To write about the career of John McGraw, both as a player and as a manager, is to write about an entire era. It's a huge story. If you want to read all the details, and I suggest you do, follow the links.
As a player he was known for his toughness. When he began, there was only one umpire per game. So when there was a chance when he knew the umpire had to be watching something else, he would assault any nearby opponent. Soon there were multiple umpires per game.
He always hit for a good average, playing in a lively-ball era, and he was able to draw a lot of walks, so his career OBP was .466, third best of all time, behind only Ted Williams and Babe Ruth.
He became player/manager of the Baltimore Orioles while he was still in his twenties. In 1902 he became a Giant. His playing career was essentially over, although he appeared in a few games now and then for a few more years.
He blew off the 1904 World Series. He thought the NY Highlanders (the Yankees' original name) were going to win the AL title and he had a major grudge against them and their owner, so he decide to not participate. (As it turned out, Boston ended up winning the AL pennant.)
Frank Deford described him thusly: he was "the model for the classic American coach--a male version of the whore with a heart of gold--a tough, flinty so-and-so who was field-smart, a man's man his players came to love despite themselves."
In thirty years managing the Giants he won 10 pennants and 3 World Series.
Topic for discussion: McGraw has been called the best player to become a great manager in major league history.

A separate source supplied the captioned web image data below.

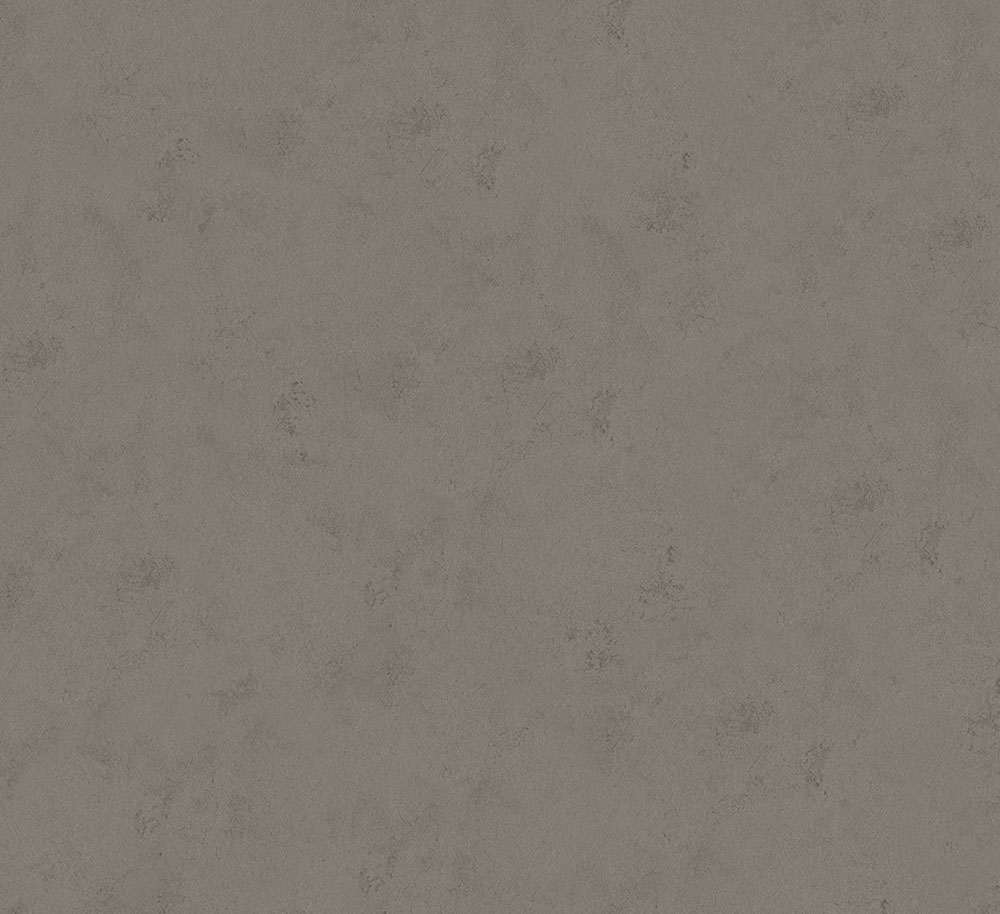 Braune Stucktapete 33733, Papis Loveday, Marburg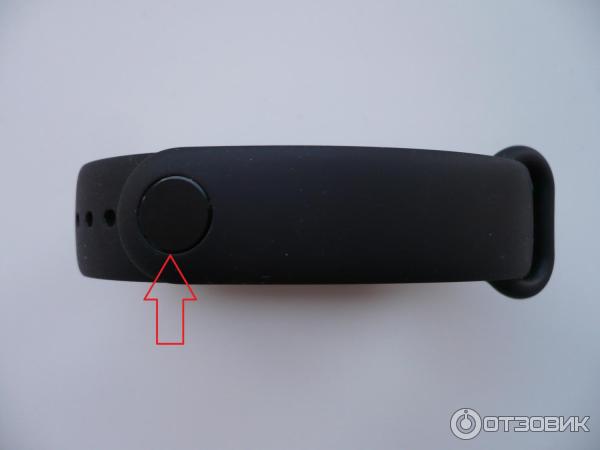 Фитнес-браслет Xiaomi Smart Band 7 CN фото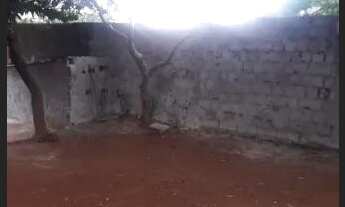 Imagem 4: Lote Setor Pedro Ludovico Lote à Venda, 523.00 por R$ 700000.00 no setor Setor Pedro Ludov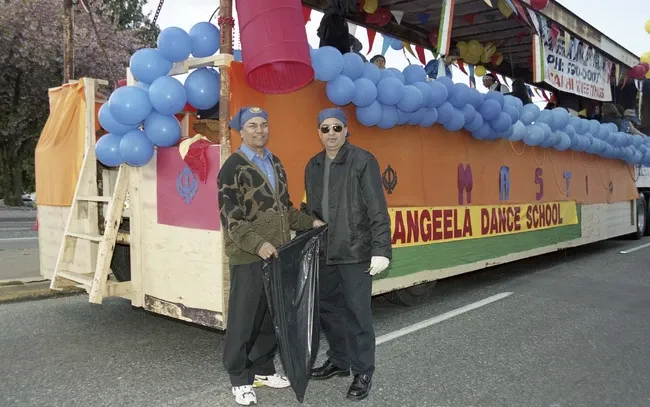 2024_19_476_001-Thumbnail Image.jpg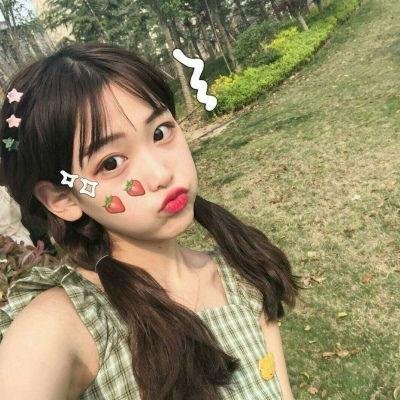 阴暗家族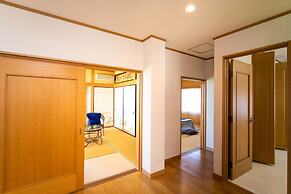 Awaji Seaside Resort in Shiduki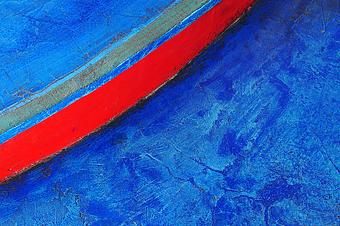 Interior - Mother Fool's Coffeehouse in Willy St. - Madison, WI Coffee, Espresso & Tea House Restaurants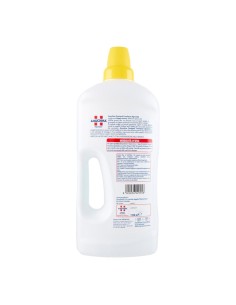 offerte AMUCHINA 2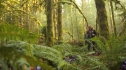 the100_101_0993.jpg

Who are other candidates for that honor?


M.C. O'Connor said...

Joe Torre.

While his managerial record is enviable, he did manage the damn Yankees, who have been absolutely stocked with talent during his reign. People forget he was a "failure" as an NL manager (5 winning seasons in 15) before becoming a Yank (and then a LAtriner).

His playing record includes an MVP, and he was an All-Star catcher. He had a career 128 OPS+, and played in the NL Golden Age against guys like Mays, Aaron, McCovey, Morgan, and Schmidt.

JC Parsons said...

Frank Robinson

An even better playing record than Torre (my #2) but probably not as good a manager. Certainly less championships. But I go with him since nobody knows a manager's impact.

Bob said...

Maybe Billy Martin deserves honorable mention. He was a pretty good player who was arguably a great manager. A great story, anyway.

daveinexile said...

Frank Robinson as well.

Yes he managed some lower rung teams (to my mind he didn't have a talent advantage) but as a player he was soemthing special.

M.C. O'Connor said...

Frank Robinson gets my most-underrated-player-of-all-time award. His competition was Willie Mays and Hank Aaron, fer chrissakes! He wins an MVP at age 25, then jumps leagues at 30 and wins another! Awesome. Four seasons with an OPS over 1.000. He ranks among a handful of studs: the two above, Mantle, Schmidt. Elite company.